Il Natale che ci racconta Dickens è tutto giocato sull’efficacissimo contrasto tra l’opulenza e la ricchezza dei Natali vissuti nel passato da ragazzo di Ebenezer Scrooge (una ricchezza che è anche di amicizie, sentimenti, amori) e la povertà del Natale presente che è una povertà reale ed economica per Bob Cratchit (l’impiegato buono e paziente) e una povertà di spirito, di amore e di rapporti sociali di Scrooge. E molte di queste immagini contrapposte ed accostate riguardano proprio il cibo.
Scrooge vive in una grande casa fredda e vuota, senza quasi mobilio tranne l’essenziale e senza il calore di una presenza che lo accolga quando torna la sera; l’avarizia e l’egoismo lo hanno portato a vivere da solo negandosi ogni piacere, anche solo quello di una cena calda e rinfrancante. In una delle scene più felici narrativamente parlando ma anche più tristi vediamo Scrooge, tornato a casa tardi come al solito dopo una giornata passata in ufficio, avvicinare una polverosa sedia al fuoco del camino e scaldarsi una magra minestra d’avena. Ne dà una splendida e commovente interpretazione Albert Finney in una delle tante riduzioni cinematografiche, quella diretta da Ronald Neame nel 1970, in cui con cucchiaio e scodella risucchia rumorosamente borbottando e lamentandosi tra sé e sé.
Anche la cena di Bob Cratchit e della sua famiglia è povera e frugale e la loro tavola è raramente ricca di pietanze, con il ben misero stipendio che Scrooge gli paga, ma il desiderio dell’impiegato è poter concedere ai suoi cari un pranzo dignitoso almeno il giorno di Natale.

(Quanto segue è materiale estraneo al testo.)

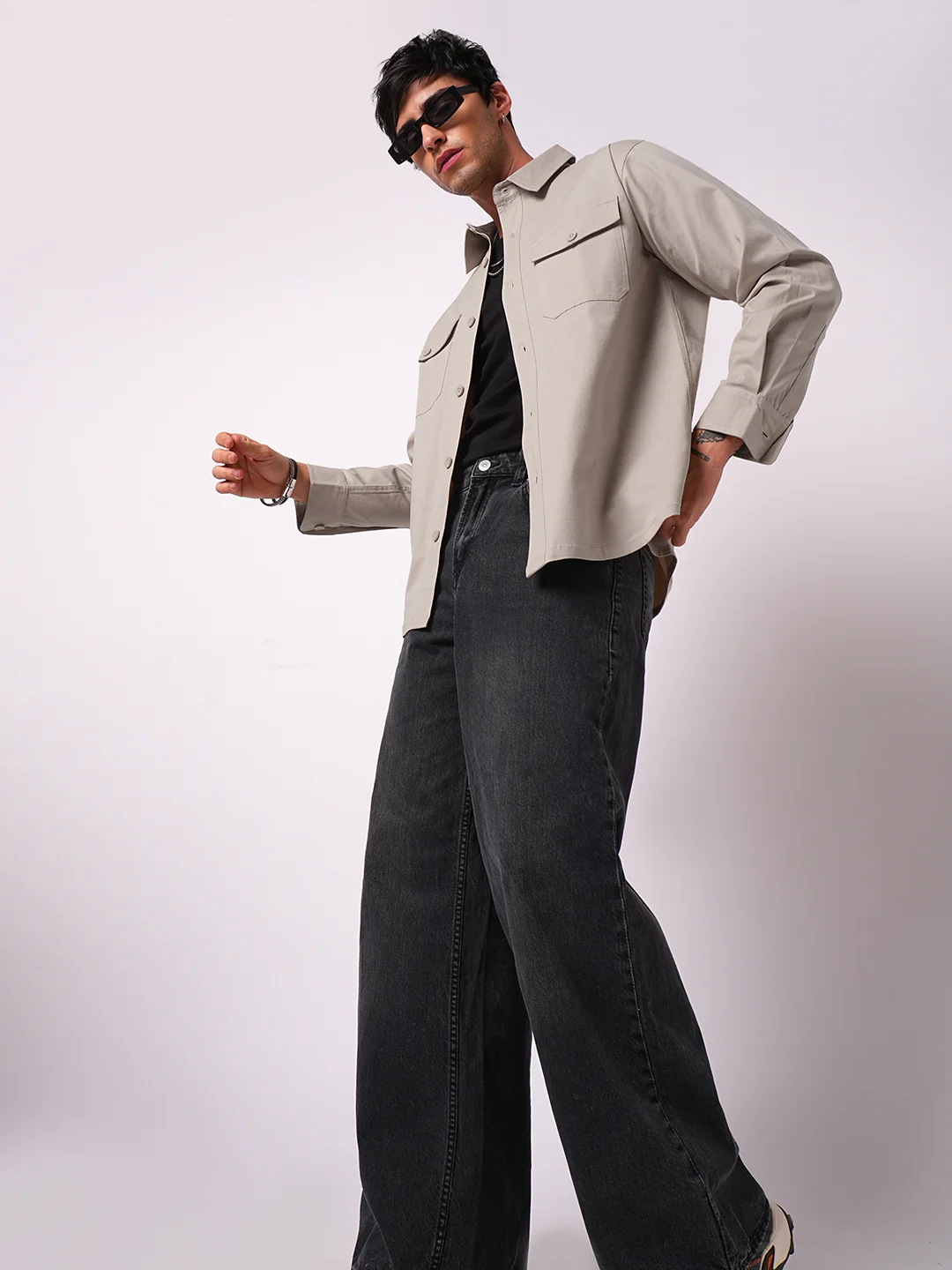 Super Soft Solid Bone Grey Double Pocket Overshirt - Image 8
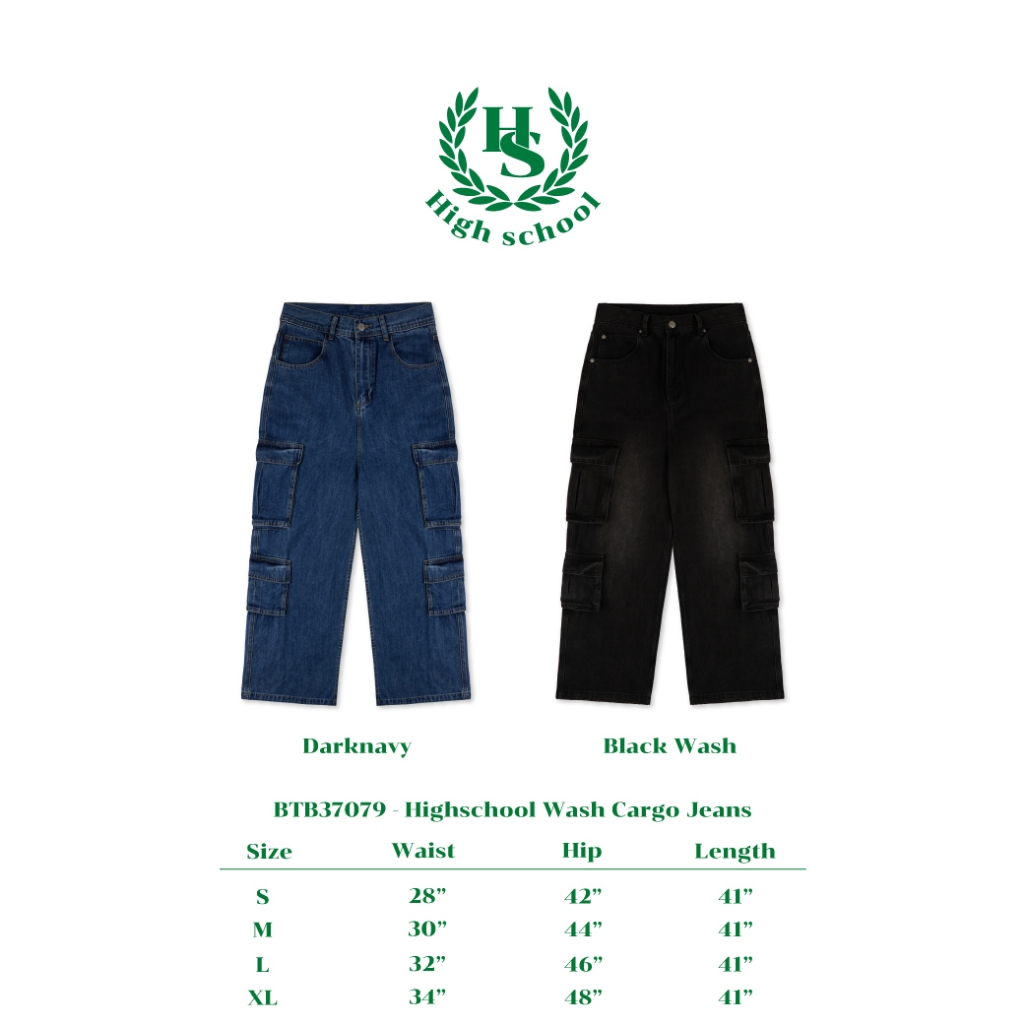 Highschool - BTB37079 กางเกงยีนส์ Wash Cargo Jeans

La gioia e l’impazienza di ogni membro della famiglia Cratchit per quel pasto così a lungo atteso e per quelle leccornie a poco prezzo, è un poco guastata dall’angustia per il sacrificio che tutti sanno che quel pasto ha comportato: mesi e mesi di attento risparmio, con i tanti problemi che ogni giorno si devono fronteggiare!
Ma il senso del Natale sta in questa condivisione e nella consapevolezza di volerla vivere appieno. Il vecchio Scrooge odia il Natale proprio perché a suo dire è la più grande scusa per sperperare e indulgere in vizi e inutili divertimenti, primo tra tutti la tavola imbandita. E di questa abbondanza il tacchino enorme che campeggia nella vetrina del pollivendolo è l’immagine ideale; i ragazzini lo guardano ammirati e anche i signori e le signore della buona borghesia lo soppesano con lo sguardo. Grande, bianco e pronto a diventare il re del pranzo natalizio.
Sarà proprio Scrooge, al suo risveglio la mattina di Natale, dopo aver passato in rassegna tutta la sua vita sbagliata e aver visto la tremenda fine a cui è destinato, a pensare a quel gigantesco tacchino come al primo passo per diventare un uomo migliore. Spalancherà la finestra all’aria limpida e frizzante di quella giornata speciale e chiamerà un ragazzino vestito a festa:
- Sai se hanno venduto quel tacchino che c’era appeso in mostra alla bottega? Non quello piccolo, ma quello grosso.
- Quale, quello grosso come me? - rispose il ragazzino.
- Sì, figliolo mio.
- C’è ancora appeso adesso.
- Sì? Davvero? Ebbene, corri subito a comprarlo.
E il tacchino finirà sulla tavola della famiglia Cratchit, come segno di una vita finalmente piena, ricca e felice, in uno dei finali più commoventi che Dickens ci ha regalato, quando ha deciso di inventare il Natale.